Amie L. Thomasson, Norms and Necessity, Oxford University Press, 2020, 252pp., $82.00 (hbk), ISBN 9780190098193.

Reviewed by Marc A. Moffett, University of Texas, El Paso

2023.04.2


In Norms and Necessity, Amie Thomasson (2020) sets out to develop a normative theory of our metaphysical modal vocabulary as an alternative to what she dubs the descriptivist mainstream. As she describes it, “Modal normativism [aims to] provide a way of understanding metaphysical modality in terms of deontic modality” (15). Specifically, her goal is to argue that metaphysical modal (hereafter, m-modal) vocabulary enables us to “make explicit, endorse, or renegotiate the rules of use of our terms (and what follows from them) in particularly useful ways” (64). I do not find her argument convincing for reasons I will try to articulate in this review. Despite this disagreement, however, there is much of value in the book, and it is an important contribution.

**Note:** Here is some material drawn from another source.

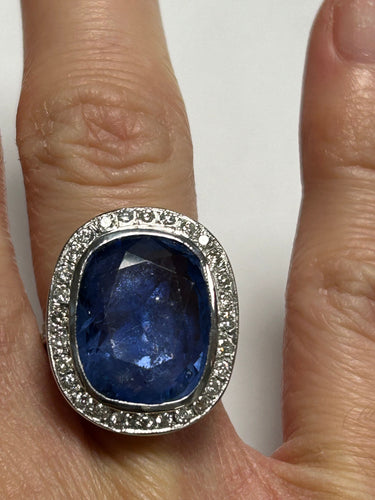 Bague 54 Très belle bague ornée d'un imposant Saphir de CEYLAN NON CHAUFFE 58 Facettes 214520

Thomasson’s central thesis—that m-modal vocabulary has as its primary function engagement with lexical rules—is in my view facially implausible. For, even granting that much of what speakers do with language is opaque, the general nature of our linguistic behaviors must be relatively transparent to us. After all, language subserves a communicative function and in order for it to achieve that function, speakers must be cognizant of their communicative actions. In the canonical cases, I choose my words because I take their meanings to accurately reflect what I believe and I generally believe that my audience will interpret those words (more or less) as I do. Similarly, competent speakers are generally aware of the pragmatic impact of their utterances and choose their utterances accordingly in context. In this sense, language use is deliberate. Given the deliberate nature of language, the thesis that our m-modal vocabulary primarily serves to engage lexical rules seems misguided. For, in making use of our m-modal vocabulary we do not typically take ourselves to be attempting to make explicit, or endorse, the lexical rules of the embedded terms. Consequently, if Thomasson’s thesis is correct, we have either been (a) engaging in a certain activity of which we were unaware or (b) using m-modal vocabulary eccentrically, or non-standardly, or even inappropriately. Both options strike me as implausible. One of the merits of Thomasson’s book is that she develops her normativist thesis in a way that at least deflects (though, I think, does not resolve) this sort of prima facie objection. Consequently, if we want to say what is wrong with it, we will have to dig deeper.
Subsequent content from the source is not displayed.